Bill Wendling via llvm-dev
2019-Jun-27 18:10 UTC
[llvm-dev] [RFC] ASM Goto With Output Constraints
Now that ASM goto support has landed, Nick Desaulniers and I wrote up a
document describing how to expand clang's implementation of ASM goto to
support output constraints. The work *should* be straight-forward, but as
always will need to be verified to work. Below is a copy of our whitepaper.

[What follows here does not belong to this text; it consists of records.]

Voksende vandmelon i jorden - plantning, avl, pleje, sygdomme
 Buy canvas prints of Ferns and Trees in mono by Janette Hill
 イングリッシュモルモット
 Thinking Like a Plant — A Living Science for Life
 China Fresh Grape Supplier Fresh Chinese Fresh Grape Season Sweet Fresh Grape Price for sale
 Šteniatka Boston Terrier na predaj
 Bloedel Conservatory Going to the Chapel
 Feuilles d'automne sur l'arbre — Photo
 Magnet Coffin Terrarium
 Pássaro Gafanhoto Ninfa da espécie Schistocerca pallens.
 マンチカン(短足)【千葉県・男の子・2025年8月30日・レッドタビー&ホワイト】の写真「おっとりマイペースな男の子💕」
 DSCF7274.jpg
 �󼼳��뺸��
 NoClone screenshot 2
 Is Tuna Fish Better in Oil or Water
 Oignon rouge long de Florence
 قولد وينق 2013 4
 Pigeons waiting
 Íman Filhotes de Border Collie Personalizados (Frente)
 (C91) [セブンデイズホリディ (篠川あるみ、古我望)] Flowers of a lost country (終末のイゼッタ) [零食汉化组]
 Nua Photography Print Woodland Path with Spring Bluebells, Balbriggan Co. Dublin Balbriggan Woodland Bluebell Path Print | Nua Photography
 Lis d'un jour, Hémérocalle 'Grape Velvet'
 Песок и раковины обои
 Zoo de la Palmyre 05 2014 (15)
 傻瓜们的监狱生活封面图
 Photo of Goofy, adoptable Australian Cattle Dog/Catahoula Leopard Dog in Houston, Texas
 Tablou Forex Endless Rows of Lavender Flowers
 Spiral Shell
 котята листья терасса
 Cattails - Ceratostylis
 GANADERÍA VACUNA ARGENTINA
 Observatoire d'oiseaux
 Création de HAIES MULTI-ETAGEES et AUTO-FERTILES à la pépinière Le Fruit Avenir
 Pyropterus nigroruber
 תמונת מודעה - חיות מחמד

Please take a look and offer any comments you have.
Share and enjoy!
-bw
Overview
Support for asm goto
<https://gcc.gnu.org/onlinedocs/gcc/Extended-Asm.html>
with output constraints is a feature that the Linux community is interested
in having. Adding this new feature should give Clang a higher profile in
the Linux community:
-
It demonstrates the Clang community's commitment to supporting Linux.
-
Developers are likely to adopt it on their own, which means they will
need to use Clang in some fashion, either as a complete replacement for or
in addition to GCC.
Current state
Clang's implementation of asm goto converts this code:
int vogon(unsigned a, unsigned b) {
asm goto("poetry %0, %1" : : "r"(a), "r"(b) : :
error);
return a + b;
error:
return -1;
}
into the following LLVM IR:
define i32 @vogon(i32 %a, i32 %b) {
entry:
callbr void asm sideeffect "poetry $0, $1", "r,r,X"
(i32 %a, i32 %b, i8* blockaddress(@vogon, %return))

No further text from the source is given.